Le dernier cru chanté de JACQUES BERTIN: "La blessure sous la mer", 16 titres, VELEN, 20, Boulevard des Anglais, 44100, NANTES. CD: 120F.

La clef du titre se cache dans la troisième chanson, " Merci pour les jours heureux": "Merci pour le mal qui vient / La fête morte dans l'aube / L'or échappé de mes mains / La blessure sous la mer".

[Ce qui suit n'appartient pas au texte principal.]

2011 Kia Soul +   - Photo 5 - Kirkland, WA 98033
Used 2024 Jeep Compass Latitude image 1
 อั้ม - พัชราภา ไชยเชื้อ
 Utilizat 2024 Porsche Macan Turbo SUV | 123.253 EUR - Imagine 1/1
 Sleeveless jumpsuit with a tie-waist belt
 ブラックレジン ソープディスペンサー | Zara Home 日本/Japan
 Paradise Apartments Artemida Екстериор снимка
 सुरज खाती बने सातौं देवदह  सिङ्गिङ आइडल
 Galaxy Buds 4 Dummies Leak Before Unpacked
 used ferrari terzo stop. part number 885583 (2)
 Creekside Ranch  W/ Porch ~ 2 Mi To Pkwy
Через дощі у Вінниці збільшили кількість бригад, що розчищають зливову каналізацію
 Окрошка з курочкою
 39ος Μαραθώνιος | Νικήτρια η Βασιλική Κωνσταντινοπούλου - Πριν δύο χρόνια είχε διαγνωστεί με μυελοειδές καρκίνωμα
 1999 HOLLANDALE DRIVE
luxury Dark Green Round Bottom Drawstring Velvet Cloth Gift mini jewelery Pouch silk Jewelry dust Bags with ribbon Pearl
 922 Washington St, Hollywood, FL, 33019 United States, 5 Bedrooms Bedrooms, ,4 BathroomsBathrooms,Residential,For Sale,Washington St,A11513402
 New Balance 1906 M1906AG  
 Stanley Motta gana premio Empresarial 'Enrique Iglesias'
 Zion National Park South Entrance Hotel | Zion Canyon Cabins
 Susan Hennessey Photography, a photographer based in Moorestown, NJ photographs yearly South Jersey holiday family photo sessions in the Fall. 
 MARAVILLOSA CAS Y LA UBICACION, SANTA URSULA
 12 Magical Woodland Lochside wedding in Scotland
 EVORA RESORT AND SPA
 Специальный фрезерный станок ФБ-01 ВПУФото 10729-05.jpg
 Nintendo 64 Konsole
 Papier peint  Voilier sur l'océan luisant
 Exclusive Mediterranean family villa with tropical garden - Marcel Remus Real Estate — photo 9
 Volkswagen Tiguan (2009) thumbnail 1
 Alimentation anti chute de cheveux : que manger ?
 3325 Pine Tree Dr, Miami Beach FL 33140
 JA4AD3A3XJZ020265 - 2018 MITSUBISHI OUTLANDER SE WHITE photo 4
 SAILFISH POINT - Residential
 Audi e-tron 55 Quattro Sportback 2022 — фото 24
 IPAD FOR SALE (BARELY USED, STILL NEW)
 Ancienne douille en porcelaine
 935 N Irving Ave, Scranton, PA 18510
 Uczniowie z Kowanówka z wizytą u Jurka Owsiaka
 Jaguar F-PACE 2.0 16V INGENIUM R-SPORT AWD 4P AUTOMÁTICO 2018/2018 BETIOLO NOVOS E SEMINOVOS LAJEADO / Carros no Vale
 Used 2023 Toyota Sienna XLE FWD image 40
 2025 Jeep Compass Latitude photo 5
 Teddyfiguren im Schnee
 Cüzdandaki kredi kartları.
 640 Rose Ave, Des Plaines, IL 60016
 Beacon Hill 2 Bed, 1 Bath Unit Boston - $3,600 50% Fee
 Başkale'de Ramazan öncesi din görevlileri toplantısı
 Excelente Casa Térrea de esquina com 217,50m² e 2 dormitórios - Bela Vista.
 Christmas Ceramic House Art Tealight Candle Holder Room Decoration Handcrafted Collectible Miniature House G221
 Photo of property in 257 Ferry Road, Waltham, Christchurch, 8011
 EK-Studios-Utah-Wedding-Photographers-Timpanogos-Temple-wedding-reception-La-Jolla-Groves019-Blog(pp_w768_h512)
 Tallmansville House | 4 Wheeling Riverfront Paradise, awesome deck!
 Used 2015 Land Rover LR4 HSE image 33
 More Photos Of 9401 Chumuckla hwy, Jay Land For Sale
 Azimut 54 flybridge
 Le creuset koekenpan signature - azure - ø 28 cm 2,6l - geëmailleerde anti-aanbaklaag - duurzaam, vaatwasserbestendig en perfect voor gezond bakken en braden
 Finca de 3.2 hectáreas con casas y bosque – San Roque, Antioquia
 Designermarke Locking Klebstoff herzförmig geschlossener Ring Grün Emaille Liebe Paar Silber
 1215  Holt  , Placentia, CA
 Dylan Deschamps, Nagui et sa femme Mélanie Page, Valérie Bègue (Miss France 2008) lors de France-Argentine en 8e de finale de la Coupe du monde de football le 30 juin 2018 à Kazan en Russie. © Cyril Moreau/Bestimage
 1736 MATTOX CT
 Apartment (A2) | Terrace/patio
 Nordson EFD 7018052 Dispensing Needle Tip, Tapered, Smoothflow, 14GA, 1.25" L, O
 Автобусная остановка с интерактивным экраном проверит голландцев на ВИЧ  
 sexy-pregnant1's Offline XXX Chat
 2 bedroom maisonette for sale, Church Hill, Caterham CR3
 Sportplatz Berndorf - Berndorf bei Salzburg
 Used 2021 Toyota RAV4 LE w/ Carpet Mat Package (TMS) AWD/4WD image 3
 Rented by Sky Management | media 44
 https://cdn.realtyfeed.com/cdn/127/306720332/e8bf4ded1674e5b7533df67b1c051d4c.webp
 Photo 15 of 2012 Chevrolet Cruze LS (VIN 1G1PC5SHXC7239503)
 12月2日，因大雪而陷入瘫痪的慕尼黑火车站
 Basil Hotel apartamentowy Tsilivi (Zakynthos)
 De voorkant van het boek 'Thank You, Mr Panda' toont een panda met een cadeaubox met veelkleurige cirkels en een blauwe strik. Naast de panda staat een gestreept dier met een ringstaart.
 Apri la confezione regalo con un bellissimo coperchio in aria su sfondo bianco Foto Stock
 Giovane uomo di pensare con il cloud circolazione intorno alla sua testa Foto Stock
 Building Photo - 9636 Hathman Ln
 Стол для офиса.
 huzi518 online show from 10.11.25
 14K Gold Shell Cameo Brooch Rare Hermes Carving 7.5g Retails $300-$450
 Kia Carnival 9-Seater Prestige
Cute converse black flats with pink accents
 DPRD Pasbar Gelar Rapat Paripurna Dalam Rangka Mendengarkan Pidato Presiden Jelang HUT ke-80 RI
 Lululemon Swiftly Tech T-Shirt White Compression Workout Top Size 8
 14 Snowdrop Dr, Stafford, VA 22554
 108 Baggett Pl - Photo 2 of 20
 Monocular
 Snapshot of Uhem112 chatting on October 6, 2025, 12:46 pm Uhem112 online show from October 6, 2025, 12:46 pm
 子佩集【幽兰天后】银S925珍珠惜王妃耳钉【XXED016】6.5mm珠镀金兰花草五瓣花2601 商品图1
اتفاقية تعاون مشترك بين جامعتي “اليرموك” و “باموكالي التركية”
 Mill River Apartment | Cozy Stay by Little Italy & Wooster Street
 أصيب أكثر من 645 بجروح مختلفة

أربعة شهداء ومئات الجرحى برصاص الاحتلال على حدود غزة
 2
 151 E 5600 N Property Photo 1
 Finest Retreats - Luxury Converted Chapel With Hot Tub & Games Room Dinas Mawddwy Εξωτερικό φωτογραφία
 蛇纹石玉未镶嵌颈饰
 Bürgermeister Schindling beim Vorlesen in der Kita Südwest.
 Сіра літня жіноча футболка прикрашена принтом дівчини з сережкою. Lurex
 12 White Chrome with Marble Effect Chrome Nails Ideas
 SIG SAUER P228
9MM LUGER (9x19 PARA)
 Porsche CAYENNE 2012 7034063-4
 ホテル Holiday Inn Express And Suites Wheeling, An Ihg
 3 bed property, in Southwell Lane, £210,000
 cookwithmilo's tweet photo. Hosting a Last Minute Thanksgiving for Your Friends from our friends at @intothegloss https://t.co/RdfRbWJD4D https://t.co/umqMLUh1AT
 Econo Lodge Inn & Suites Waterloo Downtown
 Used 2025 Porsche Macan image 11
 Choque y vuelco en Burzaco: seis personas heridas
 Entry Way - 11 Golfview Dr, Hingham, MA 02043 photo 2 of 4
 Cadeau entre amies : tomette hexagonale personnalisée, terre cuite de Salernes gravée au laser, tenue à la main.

Face aux énigmes et aux caprices des êtres et de la vie, Jacques Bertin poursuit son chemin exigeant, sans concession à la mode ou à la moindre facilité: la poésie et la chanson sont avec lui, en lui, indissociables et le poème est voix, respiration et non plus ces suites de mots désincarnés. L'habillage musical des textes est sobre et taillé sur mesure, orchestré, pour l'essentiel, par Didier Levallet, avec des instruments naturels, acoustiques. Nous retrouvons avec plaisir des textes récents publiés dans son intégrale (cf FROISSART 63), notamment le superbe texte intitulé "Paysage", le "Retour à Chalonnes" qui ouvre le chant et où commence "la vie rêvée". Il prolonge sur plusieurs chansons certaines images et interrogations, et la promesse des attentes ("Une grange", "L'éphémère et la durée", "le blé, le moût"). Il nous dit, apaisé, la brisure et la nostalgie du bonheur fugace ("L'éternité à Denfert"), avec les nobles leçons tirées "derrière les hauts murs du mal": "Je vous écris pour vous dire que si l'on souffre, / C'est qu'on n'est pas encore allé assez loin dans le mal d'aimer. / Prenez donc ma blessure et voguez. Sur le gouffre, / Je vous emporte avec moi de l'autre côté." Mais plus que tout, ce qui me touche, et m'aide, et me rejoint, dans ces poèmes, ressemble à ce qu'il écrivit pour ses amis dans son premier recueil: "Je veillerai sur vous dans la pelisse de la nuit (...) Vous ne saurez pas que j'étais si près de vous". Il l'adresse ici à l'amour pacifié: "Je veillerai sur toi surtout sans que jamais tu saches rien (...) Une main aura pour toi écarté la ronce du chemin / Et tu ne te seras doutée de rien (...) / Ne cherche pas d'où vient ce charme inhabituel, tout est normal / Éloigne le souvenir de l'amour fort et de l'amour vain". Reste longtemps le chant de l'âme dans la lumière et la "bonté des barques bleues", "la robe dénouée de l'aube", dans l'unité des thèmes et des tons, la chaleur de la confidence offerte simplement, comme du pain ou des fruits. Cette blessure qui chante est douloureuse, et belle, et nous aide à voguer. "Nous nous retrouverons", Jacques, c'est promis, pour "l'écriture d'un mot simple", "à travers les chansons" où l'on voit ta "vie qui appelle".